• Rummu, von Gefängnismauern, versunkenen Gebäuden

    June 14 in Estonia ⋅ ☁️ 13 °C

    Gestern stand ein ganz besonderer Ort auf unserer Liste – einer dieser Plätze, die man nicht alle Tage zu sehen bekommt. Unser Ziel war das ehemalige Gefängnis von Rummu.

    Schon bei der Ankunft wird klar: Das ist kein gewöhnliches Museum. Das ehemalige Gefängnis aus Sowjetzeiten ist heute ein sogenannter Lost Place, den man auf eigene Faust erkunden kann. Verlassene Gebäude, offene Zellentüren, lange Flure und der sichtbare Zahn der Zeit verleihen dem Gelände eine ganz besondere Atmosphäre.

    Zum Glück gibt es einen hervorragenden Audioguide, der nicht nur die Geschichte erklärt, sondern dies auch noch mit einer guten Portion Humor tut. So wurde aus einem Rundgang durch ein ehemaliges Gefängnis überraschenderweise eine ziemlich unterhaltsame Angelegenheit.

    Das Gefängnis wurde während der Sowjetzeit betrieben und war eng mit dem angrenzenden Kalksteinbruch verbunden. Viele der Häftlinge mussten dort Zwangsarbeit leisten und unter teilweise sehr harten Bedingungen Kalkstein abbauen. Die Gefangenen verbrachten ihre Tage im Steinbruch und ihre Nächte hinter den Gefängnismauern – keine Kombination, die man sich für den Urlaub wünschen würde.

    Nach dem Zerfall der Sowjetunion wurde das Gefängnis schließlich geschlossen. Die Pumpen, die das Grundwasser aus dem Steinbruch fernhielten, wurden abgeschaltet. Was dann geschah, ging erstaunlich schnell: Das Wasser eroberte sich sein ursprüngliches Gebiet zurück.

    Der ehemalige Steinbruch lief voll und verwandelte sich in den heutigen Rummu-See.

    Und genau dieser Kontrast macht den Ort so faszinierend.

    Wo früher Gefangene schwer arbeiten mussten, glitzert heute ein türkisblauer See in der Sonne. Einige Gebäude des ehemaligen Steinbruchs wurden vom Wasser verschluckt. Dächer, Mauern und andere Gebäudeteile ragen noch heute aus dem Wasser heraus und verleihen dem See ein fast surreal wirkendes Aussehen.

    Mittlerweile hat sich Rummu zu einem beliebten Bade- und Tauchspot entwickelt. Taucher können dort die versunkenen Bauwerke erkunden, die heute auf dem Grund des Sees liegen.

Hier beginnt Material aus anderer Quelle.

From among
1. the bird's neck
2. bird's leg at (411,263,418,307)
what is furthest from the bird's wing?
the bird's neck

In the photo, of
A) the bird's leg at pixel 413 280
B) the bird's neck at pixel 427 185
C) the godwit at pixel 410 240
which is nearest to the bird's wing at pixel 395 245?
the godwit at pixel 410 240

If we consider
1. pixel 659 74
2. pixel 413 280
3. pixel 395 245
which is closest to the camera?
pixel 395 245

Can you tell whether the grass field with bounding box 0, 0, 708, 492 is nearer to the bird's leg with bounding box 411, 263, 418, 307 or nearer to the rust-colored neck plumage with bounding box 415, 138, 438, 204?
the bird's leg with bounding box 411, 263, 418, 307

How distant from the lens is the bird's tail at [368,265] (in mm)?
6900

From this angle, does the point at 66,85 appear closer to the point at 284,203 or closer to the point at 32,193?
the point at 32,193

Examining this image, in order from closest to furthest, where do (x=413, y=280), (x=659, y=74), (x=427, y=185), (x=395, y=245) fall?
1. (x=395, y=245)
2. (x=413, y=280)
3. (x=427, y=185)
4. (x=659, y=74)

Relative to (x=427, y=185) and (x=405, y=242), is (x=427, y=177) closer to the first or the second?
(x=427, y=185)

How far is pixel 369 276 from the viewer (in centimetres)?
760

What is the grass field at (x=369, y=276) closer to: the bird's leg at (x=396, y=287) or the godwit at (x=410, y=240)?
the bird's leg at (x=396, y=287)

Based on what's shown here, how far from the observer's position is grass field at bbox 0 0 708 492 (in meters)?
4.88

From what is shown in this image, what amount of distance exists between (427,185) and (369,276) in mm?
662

Vermutlich einer der wenigen Orte der Welt, an denen man gleichzeitig Industriegeschichte, Lost Place und Badesee erleben kann.

    Natürlich durfte auch der berühmte Ascheberg nicht fehlen. Genau genommen handelt es sich um einen riesigen Abraumhügel aus den Zeiten des Kalksteinabbaus. Durch seine helle Farbe wirkt er fast wie ein kleiner Gebirgszug oder eine überdimensionierte Sanddüne mitten in Estland.

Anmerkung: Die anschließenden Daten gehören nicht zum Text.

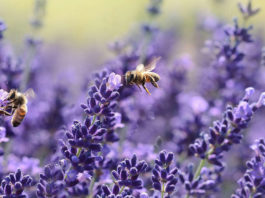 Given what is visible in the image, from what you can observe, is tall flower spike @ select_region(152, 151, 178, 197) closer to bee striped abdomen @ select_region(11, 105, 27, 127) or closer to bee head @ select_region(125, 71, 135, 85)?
bee head @ select_region(125, 71, 135, 85)

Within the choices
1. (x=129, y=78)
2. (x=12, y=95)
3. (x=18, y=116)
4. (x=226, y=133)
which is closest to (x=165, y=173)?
(x=226, y=133)

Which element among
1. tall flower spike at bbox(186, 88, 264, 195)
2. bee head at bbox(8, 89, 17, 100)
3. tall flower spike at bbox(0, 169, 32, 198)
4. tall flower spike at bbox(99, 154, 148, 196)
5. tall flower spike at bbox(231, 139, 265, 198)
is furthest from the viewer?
bee head at bbox(8, 89, 17, 100)

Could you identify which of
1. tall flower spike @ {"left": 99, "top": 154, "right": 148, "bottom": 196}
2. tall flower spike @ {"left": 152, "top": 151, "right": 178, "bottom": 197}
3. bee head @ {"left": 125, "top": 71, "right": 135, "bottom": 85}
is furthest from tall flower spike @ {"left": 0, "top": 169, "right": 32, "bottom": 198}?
bee head @ {"left": 125, "top": 71, "right": 135, "bottom": 85}

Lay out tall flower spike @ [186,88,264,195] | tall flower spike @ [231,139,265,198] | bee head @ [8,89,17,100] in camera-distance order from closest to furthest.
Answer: tall flower spike @ [231,139,265,198], tall flower spike @ [186,88,264,195], bee head @ [8,89,17,100]

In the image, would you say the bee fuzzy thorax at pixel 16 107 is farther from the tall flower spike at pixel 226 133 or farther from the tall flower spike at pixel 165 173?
the tall flower spike at pixel 226 133

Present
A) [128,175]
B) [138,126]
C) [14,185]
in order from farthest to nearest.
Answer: [138,126] → [128,175] → [14,185]

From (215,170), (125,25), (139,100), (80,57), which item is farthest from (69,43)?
(215,170)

    Von oben bietet sich ein fantastischer Blick über das gesamte Gelände. Auf der einen Seite der türkisblaue See, auf der anderen die verlassenen Gefängnisgebäude und dazwischen die Überreste einer bewegten Vergangenheit.

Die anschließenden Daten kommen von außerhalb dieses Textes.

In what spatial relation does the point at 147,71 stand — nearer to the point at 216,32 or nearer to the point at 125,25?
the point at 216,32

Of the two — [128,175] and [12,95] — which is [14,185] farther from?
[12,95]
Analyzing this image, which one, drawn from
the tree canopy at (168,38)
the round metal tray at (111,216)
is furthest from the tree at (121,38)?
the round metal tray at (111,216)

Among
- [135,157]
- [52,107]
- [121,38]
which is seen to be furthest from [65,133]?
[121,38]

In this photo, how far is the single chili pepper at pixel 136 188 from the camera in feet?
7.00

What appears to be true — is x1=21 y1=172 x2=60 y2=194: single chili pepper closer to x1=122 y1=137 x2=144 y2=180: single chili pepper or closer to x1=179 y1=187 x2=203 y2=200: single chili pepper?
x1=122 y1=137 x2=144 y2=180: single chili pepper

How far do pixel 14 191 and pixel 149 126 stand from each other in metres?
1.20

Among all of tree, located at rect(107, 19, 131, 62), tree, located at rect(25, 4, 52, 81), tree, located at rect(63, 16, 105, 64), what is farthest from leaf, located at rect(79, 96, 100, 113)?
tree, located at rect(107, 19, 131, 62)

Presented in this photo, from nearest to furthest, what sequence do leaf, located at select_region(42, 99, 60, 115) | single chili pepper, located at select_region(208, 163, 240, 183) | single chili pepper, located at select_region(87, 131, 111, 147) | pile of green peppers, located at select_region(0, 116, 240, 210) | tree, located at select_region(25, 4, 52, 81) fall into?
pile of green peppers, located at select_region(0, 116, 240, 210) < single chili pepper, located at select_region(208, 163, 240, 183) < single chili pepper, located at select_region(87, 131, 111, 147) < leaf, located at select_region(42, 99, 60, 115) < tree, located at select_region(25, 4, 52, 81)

    Je länger wir dort unterwegs waren, desto mehr wurde uns bewusst, wie außergewöhnlich dieser Ort ist. Rummu vereint Geschichte, Natur und Abenteuer auf eine Weise, die man kaum erwartet.

    Und während wir durch die alten Gebäude liefen, fragten wir uns immer wieder, wie die ehemaligen Insassen wohl reagieren würden, wenn sie wüssten, dass heute Touristen freiwillig Eintritt bezahlen, um ihre ehemalige Haftanstalt zu besichtigen.

    Die Antwort würden wir wirklich gerne hören.

    So blieb Rummu für uns einer der außergewöhnlichsten Orte unserer bisherigen Baltikum-Reise – ein Platz, an dem sich die Geschichte nicht versteckt, sondern an jeder Ecke sichtbar bleibt.